Среди войск Петроградского гарнизона найти часть, где преобладал бы пролетарский состав, вряд ли было возможно. Большинство солдатской массы составляли крестьяне, не имевшие той пролетарской и революционной закалки, что заводские рабочие. Да и существовали ли вообще в армии такие части, где основным костяком, основной массой были бы кадровые рабочие?
Я не говорю про матросов, про технические подразделения вроде автоброневых, где процент рабочих был всегда велик.
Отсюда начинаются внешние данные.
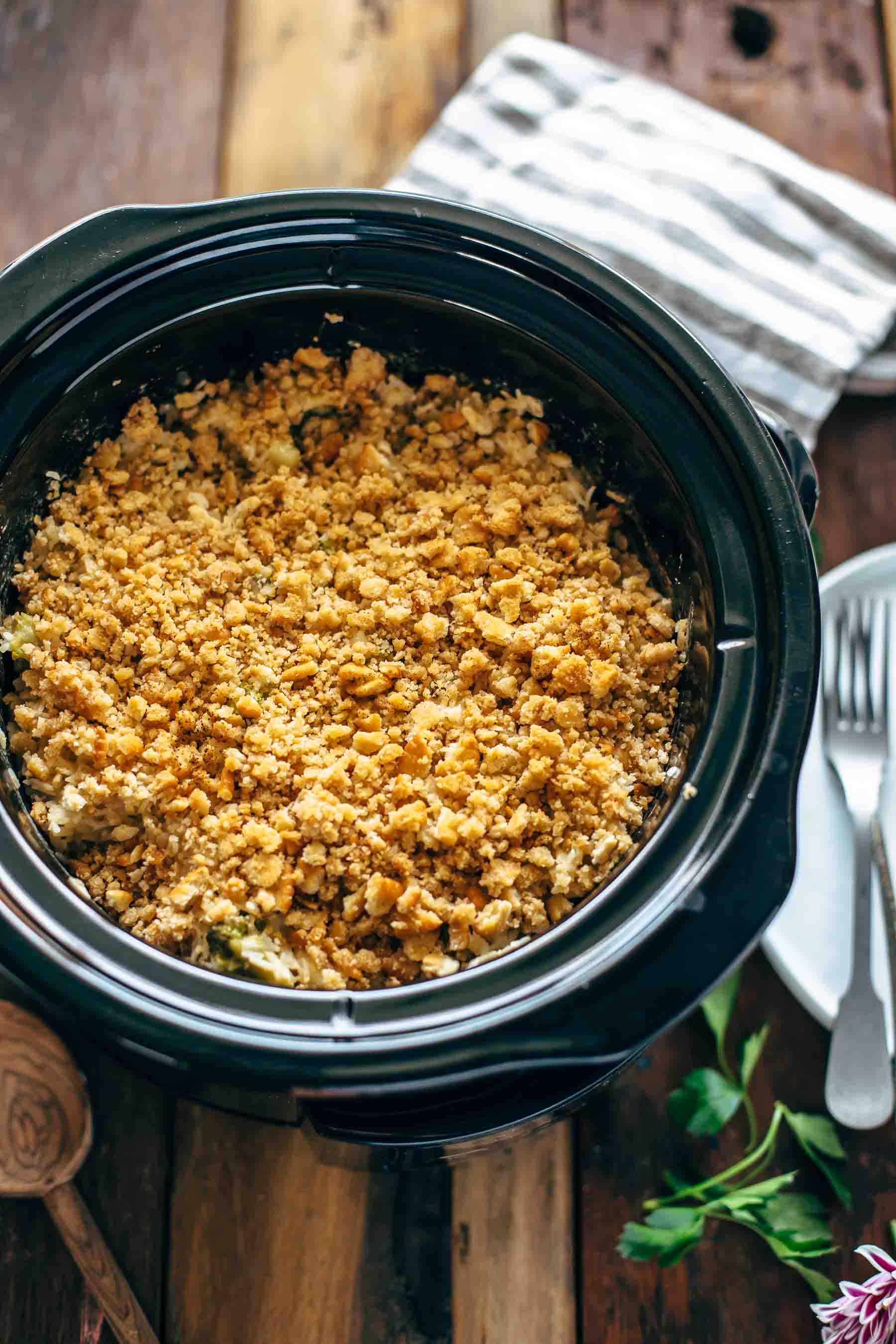 cheesy broccoli rice casserole in a crockpot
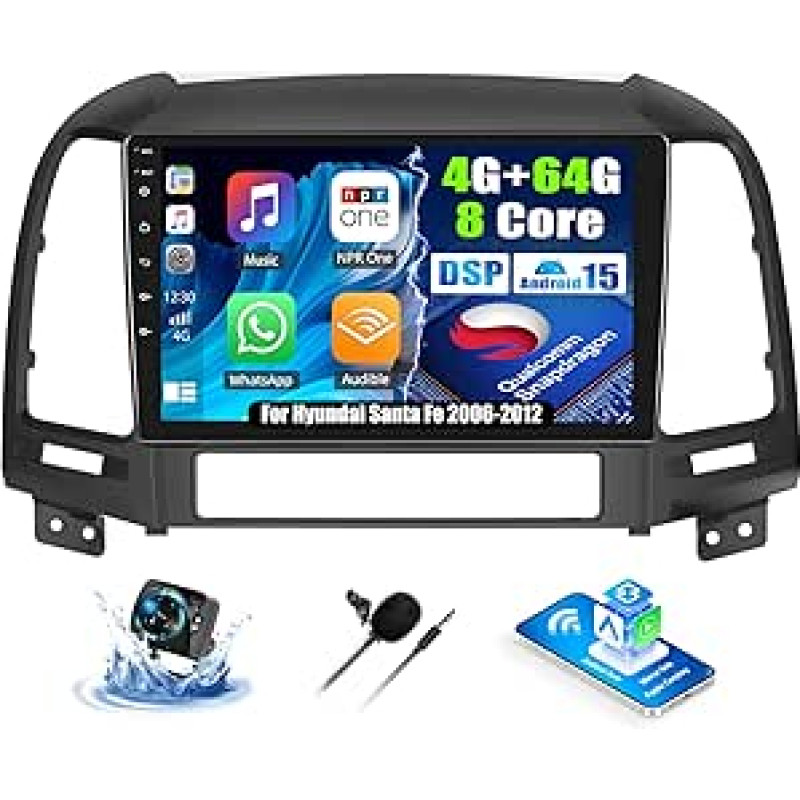 OiLiehu 4G + 64G 8 branduolių Qualcomm Android 15 Hyundai Santa Fe 2006-2012 Dvigubas DIN CarPlay Android automobilinis radijas su ekranu 9 colių su Bluetooth GPS FM RDS WiFi Mirror Link SWC DSP/EQ Galinio vaizdo kamera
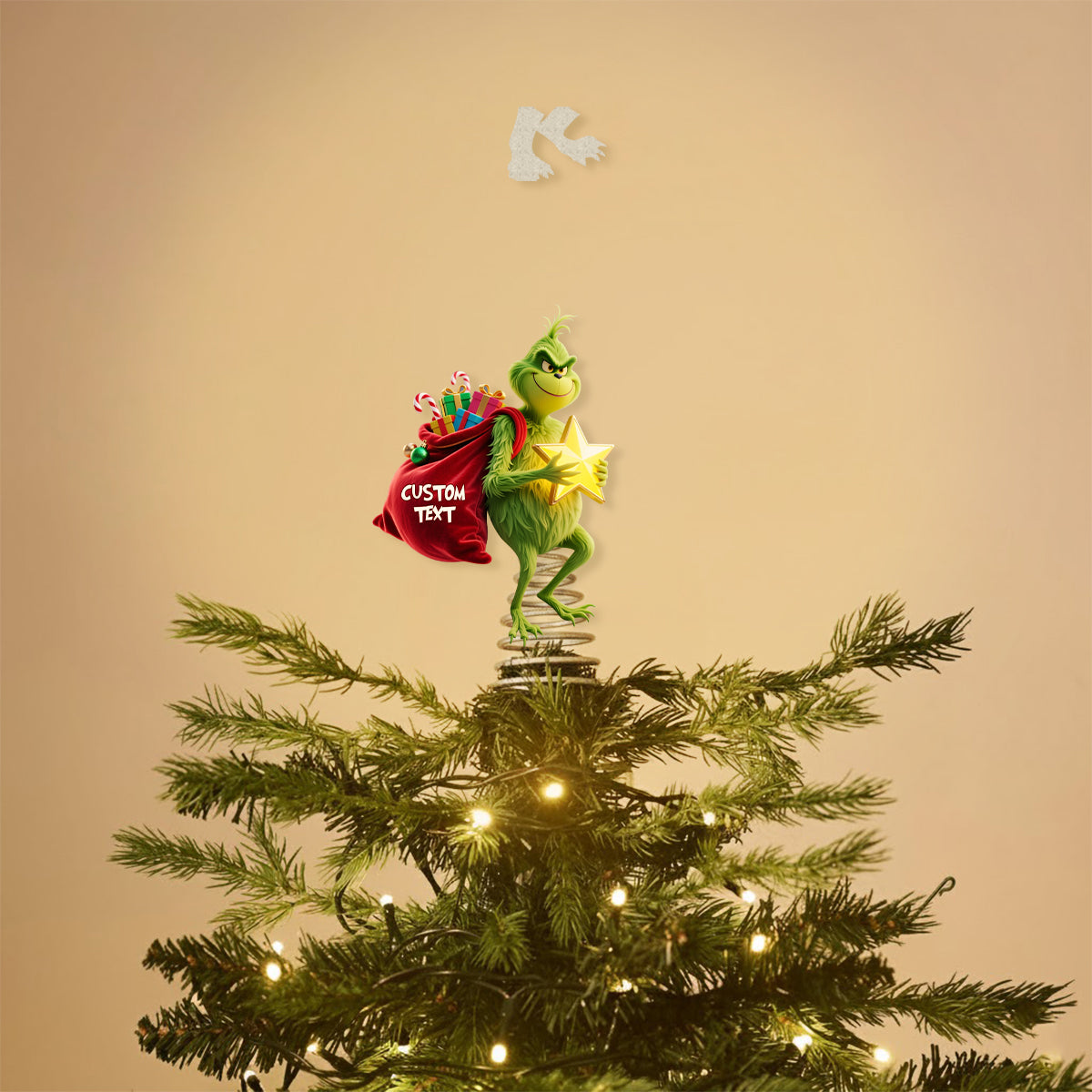 Funny Christmas Tree Topper - Personalized Stole Christmas LED Light Tree Topper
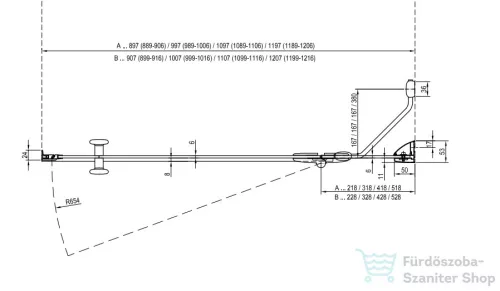 Ravak SMARTLINE SMSD2-90 (A) jobbos 90 cm-es zuhanyajtó,króm+transparent 0SP7AA00Z1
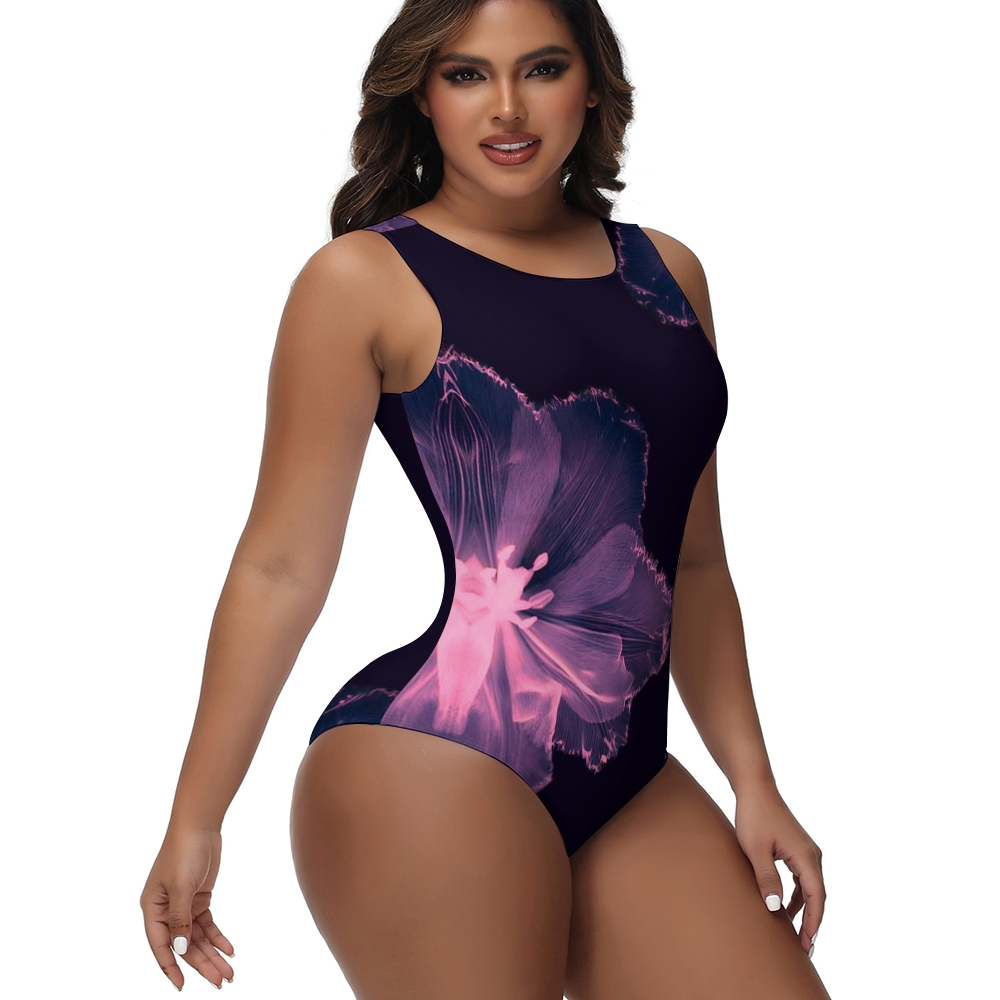 Purple Floral Print One-Piece Swimsuit
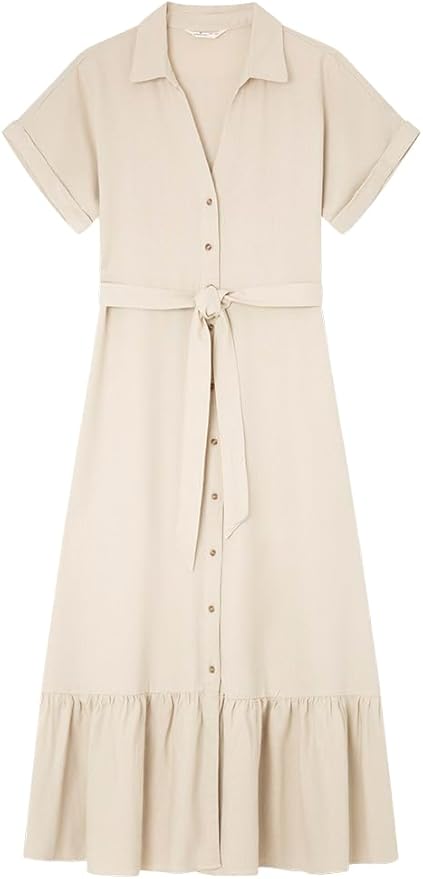 vestido camisero beige
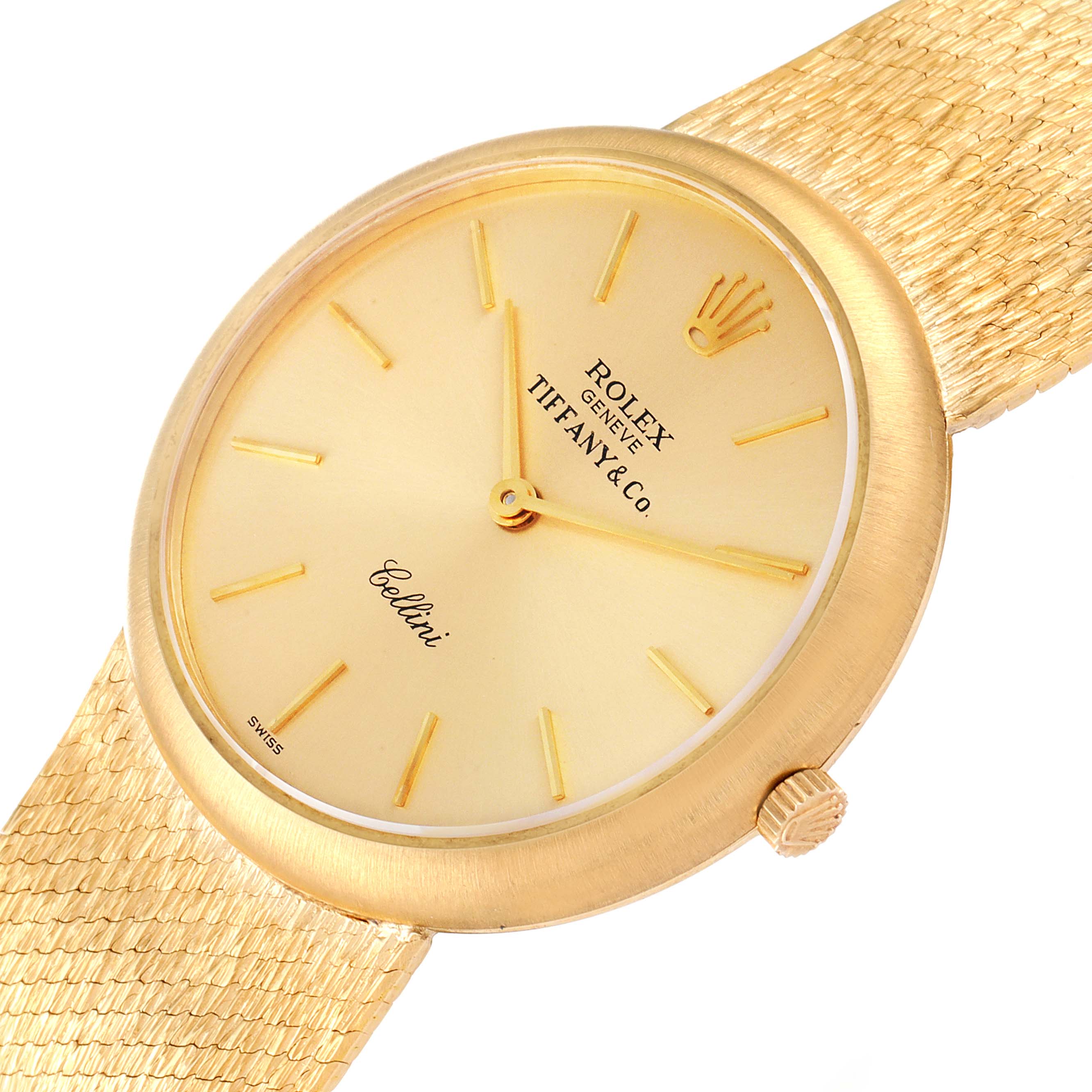 The image shows a close-up view of the Rolex Cellini Men's Yellow Gold Champagne Dial Men's Yellow Gold Champagne Dial watch, highlighting its dial, crown, and part of the bracelet.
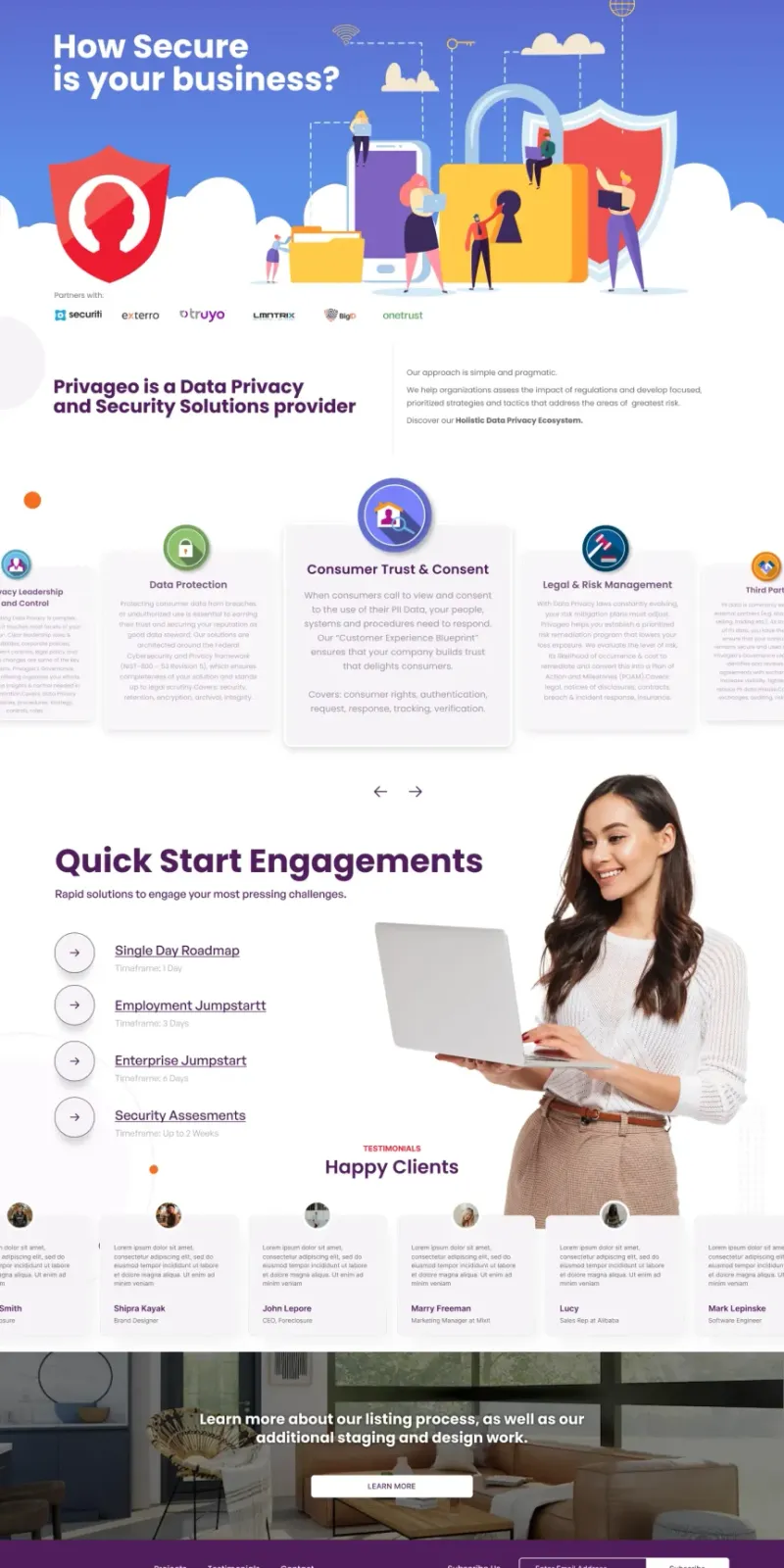 Privageo data privacy and security solutions website designed by DMS with compliance framework and enterprise client carousel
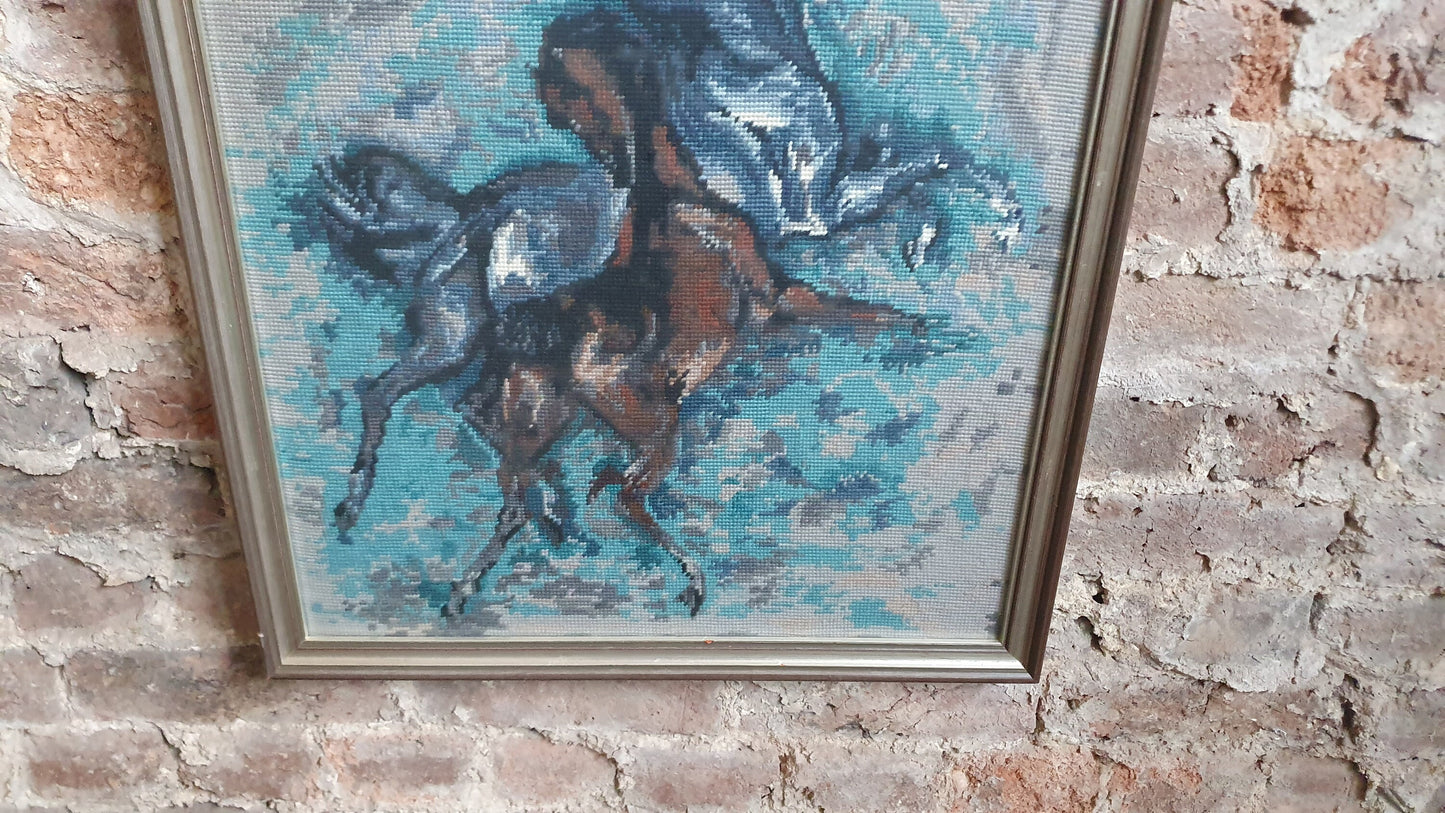 Wonderful Large Vintage Wild Horses in Moonlight Retro Tapestry Original Artwork Blue Turquoise Brown Grey Silver Frame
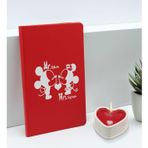 Bk Gift Sevgililere Özel Isimli Kırmızı Defter ve Kalp Taş Obje Kokulu Mum Hediye Seti-2, Sevgiliye Hediye, Sevgililer Günü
По своему составу они, конечно, подошли, бы, но все такие части были, как правило, малочисленны и выделить из их состава необходимое количество (а нужно было человек 300–400, не меньше) не было никакой возможности, тем более тогда, в конце 1917 года, когда старая армия разваливалась, когда шла стихийная демобилизация, а до создания новой, рабоче-крестьянской армии было еще далеко…
Кому именно пришла в голову мысль возложить охрану Смольного института на латышских стрелков: Свердлову или Дзержинскому, Подвойскому или Аванесову, а может быть, самому Ленину, я не знаю, но решение было принято, и Исполнительному Комитету латышских стрелков (Исколастрел, как его сокращенно называли) было приказано направить в Смольный 300 лучших бойцов для несения караульной службы.
К началу 1918 года количество это было доведено до 1000 человек. Затем часть людей была демобилизована, оставался только тот, кто добровольно хотел продолжать нести службу, и к марту 1918 года в Смольном насчитывалось около 500 латышских стрелков.
Это они, мужественные латышские стрелки, вслед за героическими красногвардейцами Питера и доблестными моряками Балтики выполняли в суровую зиму 1917/18 года, вечно впроголодь, самые сложные боевые задания сначала Военно-революционного комитета, затем ВЧК, Совнаркома и ВЦИК.
Это они, красноармейцы, матросы и латышские стрелки, бдительно несли охрану цитадели революции – Смольного, охрану первого в мире Советского правительства, охрану Ленина!..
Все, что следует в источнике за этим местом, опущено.